Defining
Uncertainty in Earth System Based Process Models of Source, Reservoir and Seal
Facies
Markwick, P.J.1, P.J. Valdes2
(1) Petroleum Systems Evaluation Group, GETECH,
The use of Earth System models to predict
the past distribution and quality of source, reservoir and seal facies, has
gained considerable interest over the past 10 years. But, such models are
experiments that must be continually tested against observations, and so an
important part of any application of models must be a systematic, quantitative
assessment of uncertainty.

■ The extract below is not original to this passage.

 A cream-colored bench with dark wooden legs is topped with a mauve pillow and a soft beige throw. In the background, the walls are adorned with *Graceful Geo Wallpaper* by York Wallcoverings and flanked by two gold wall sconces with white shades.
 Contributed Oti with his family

This can then be added to the overall risking used
by explorationists.
Here, we present some results for source
facies predictions using a series of sensitivity experiments designed to
examine the response of predictions to changes in the model boundary
conditions, in this case atmospheric CO2. The full matrix of potential
uncertainties is extremely large, and includes not only sensitivity experiments
for changing boundary conditions (including plate tectonic and palaeogeographic
variability, atmospheric chemistry, surface vegetation, orbital parameters),
but also postulated intrinsic model issues (inter-computer processing variability,
missing (or equivocal) dynamic processes), and uncertainties associated with
our current understanding and representation of the processes responsible for
source, reservoir and seal depositional facies. We consider both marine and
terrestrial systems.
The results clearly indicate that
different variables respond in different ways to model variability, and this
then has similarly complicated response in terms of uncertainty. For example,
marine productivity systems based on gross ocean circulation patterns are
relatively robust, but changes in local geography (and especially bathymetry)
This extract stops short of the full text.